─── Data extracts ───

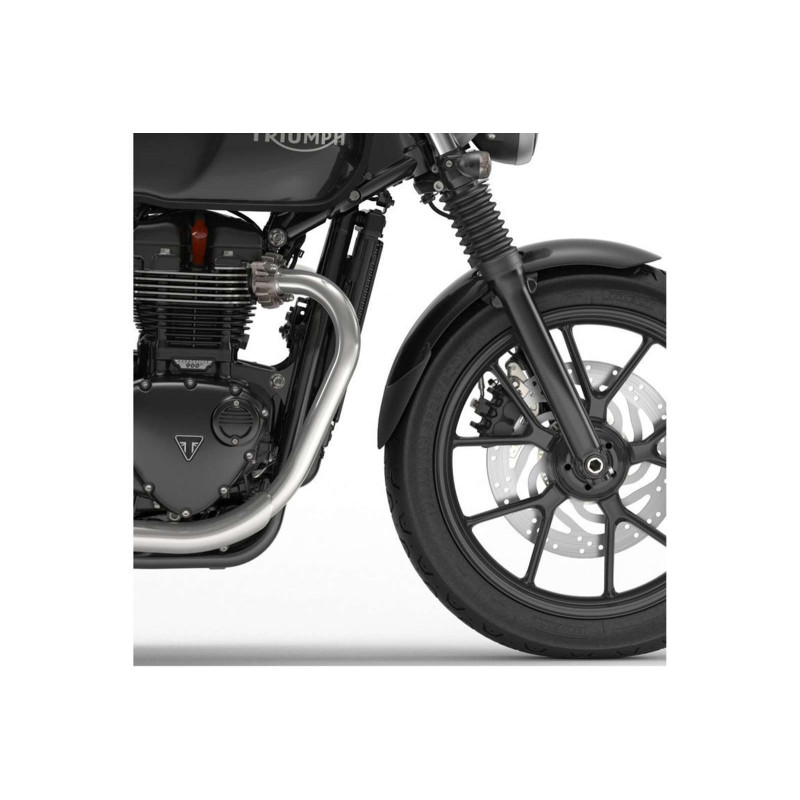 puig estensione parafango anteriore per triumph street twin 19-20 nero opaco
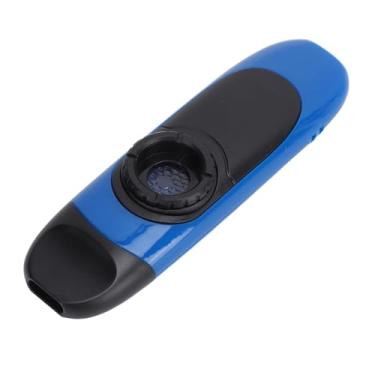 Imagem de Acouto Instrumento Musical de Plástico de Flauta Kazoo Com 5 Diafragmas - Instrumento de Vibrante para Performances, para Idades, Laranja (Azul)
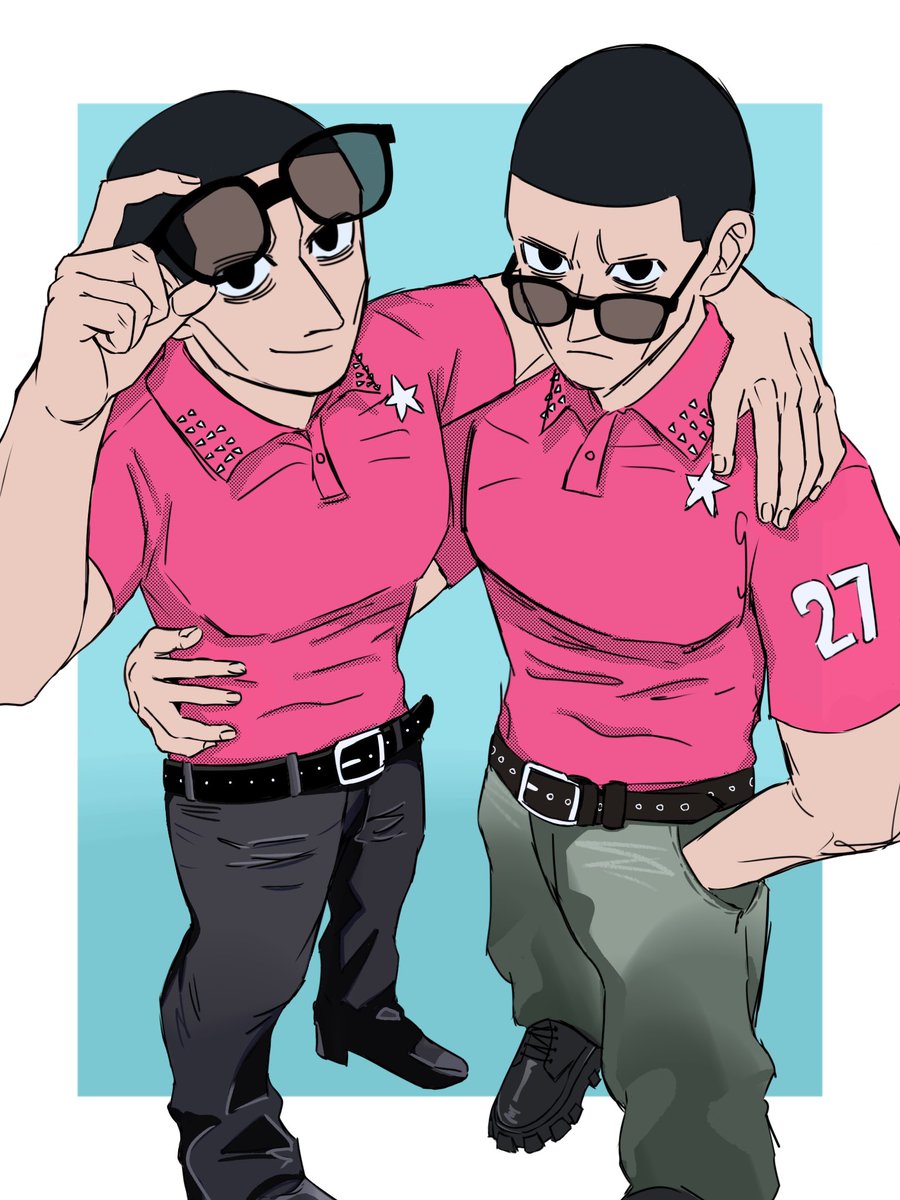m_ta_te's tweet photo. 現パロ二階堂ズ💥 https://t.co/stRLzQINnl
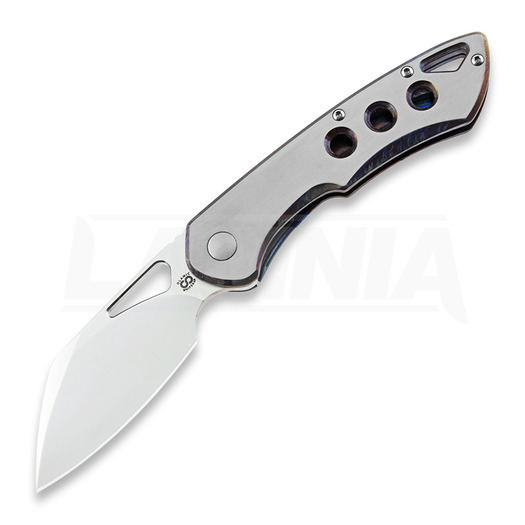 Olamic Cutlery WhipperSnapper WS104-S sklopivi nož, sheepsfoot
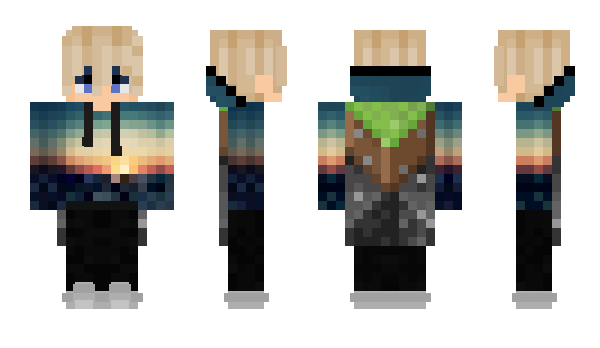 Minecraft скін по ніку ImYomas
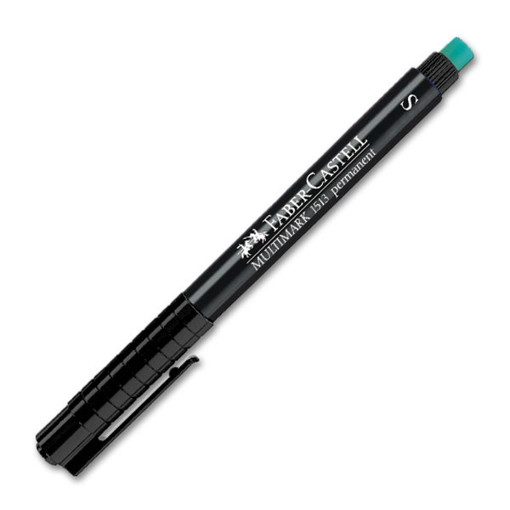 Picture of Permanent Marker S Black Faber-Castell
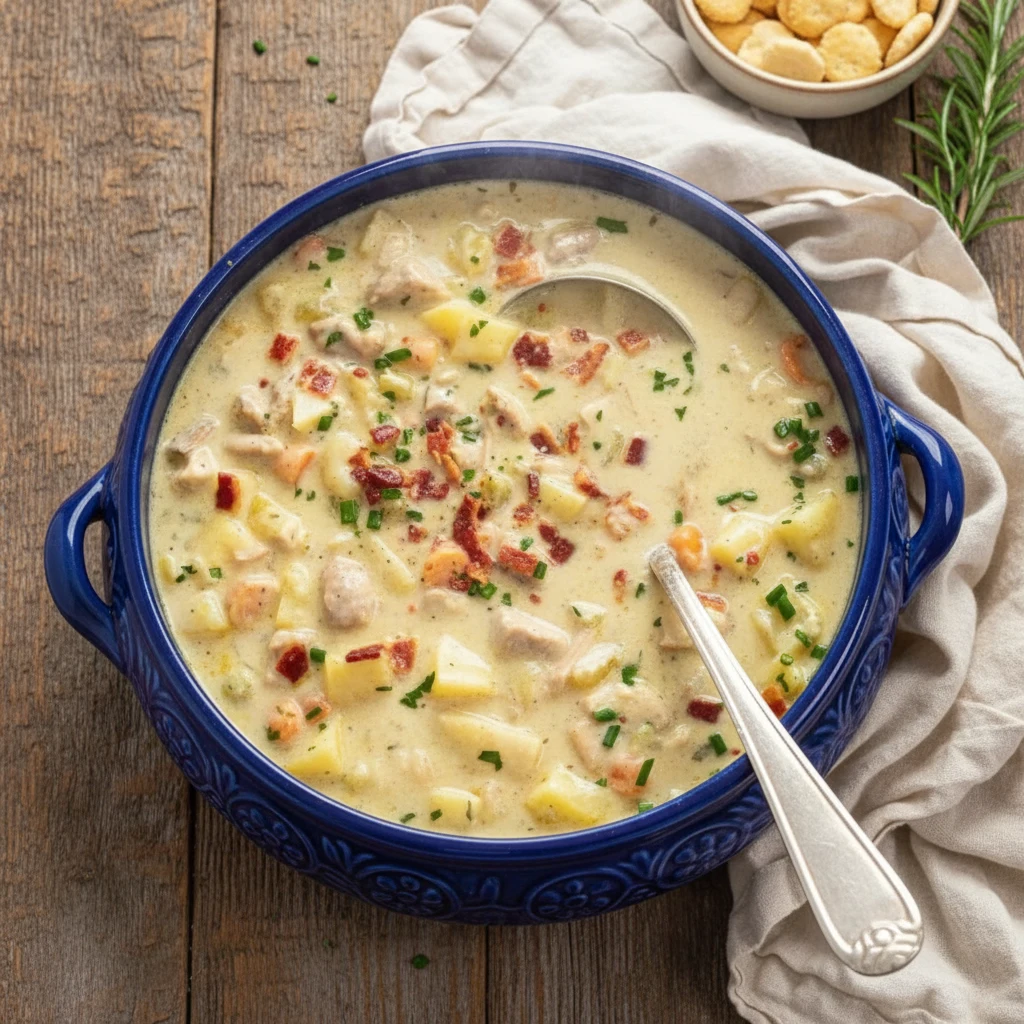 Chicken Potato Soup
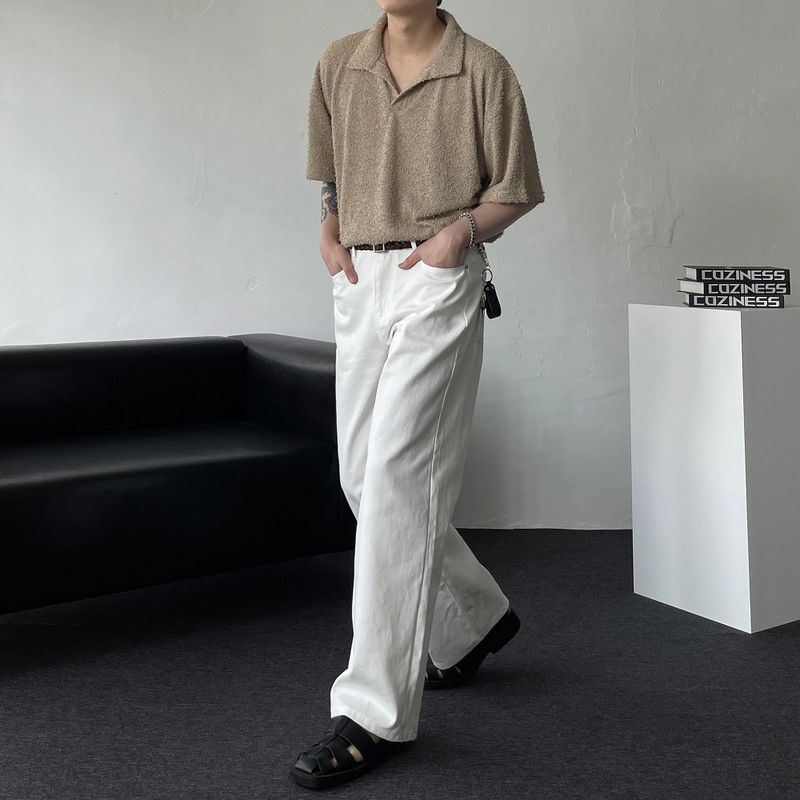 90's Chloe Collar Short-Sleeved (3 colors)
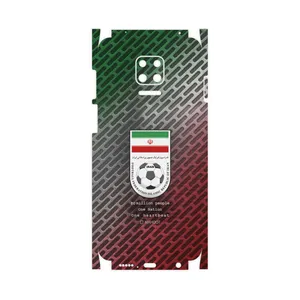 MAHOOT  Iran-National-Football-Team-FullSkin Cover Sticker for Xiaomi Redmi Note 9s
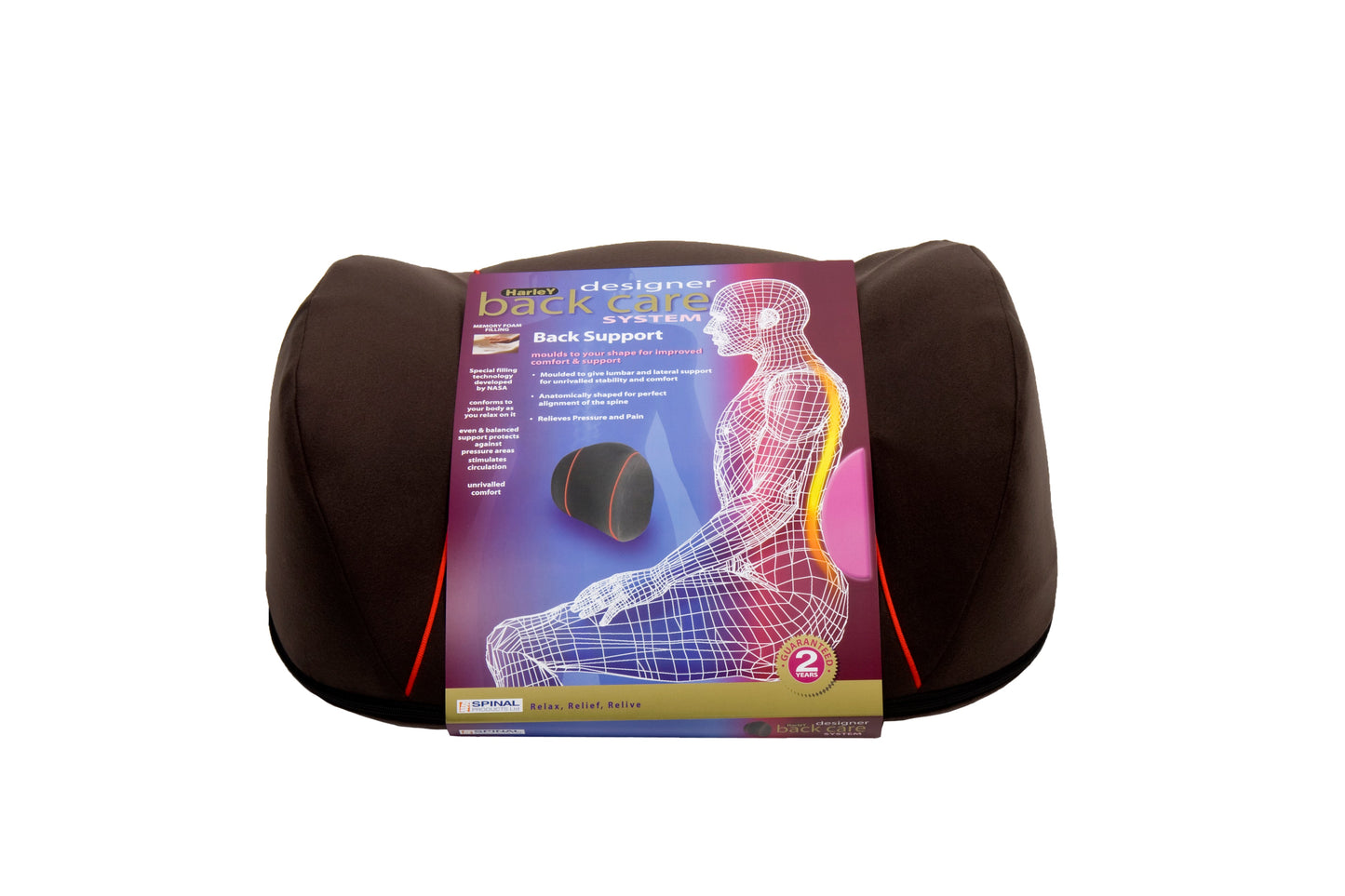 Harley: Memory Foam Seat Back Support HL4078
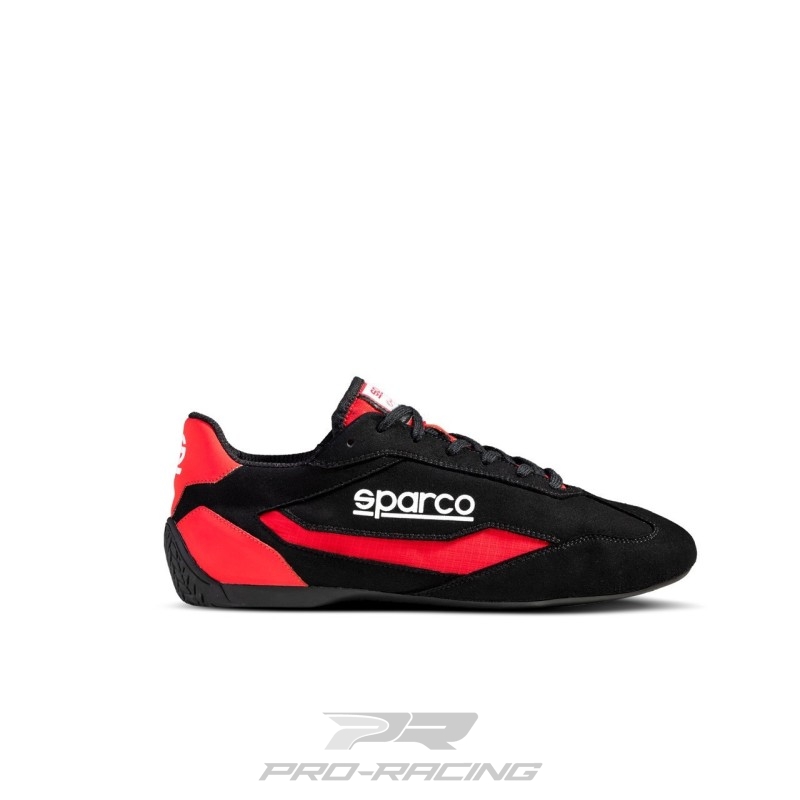 Sparco S-Drive ZWART/ROOD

───

- **Your task**
Give back every record exactly, dropping its pictures.

- **Result of this exercise**
 puig estensione parafango anteriore per triumph street twin 19-20 nero opaco
 Imagem de Acouto Instrumento Musical de Plástico de Flauta Kazoo Com 5 Diafragmas - Instrumento de Vibrante para Performances, para Idades, Laranja (Azul)
m_ta_te's tweet photo. 現パロ二階堂ズ💥 https://t.co/stRLzQINnl
 Olamic Cutlery WhipperSnapper WS104-S sklopivi nož, sheepsfoot
 Minecraft скін по ніку ImYomas
 Picture of Permanent Marker S Black Faber-Castell
 Chicken Potato Soup
 90's Chloe Collar Short-Sleeved (3 colors)
 MAHOOT  Iran-National-Football-Team-FullSkin Cover Sticker for Xiaomi Redmi Note 9s
 Harley: Memory Foam Seat Back Support HL4078
 Sparco S-Drive ZWART/ROOD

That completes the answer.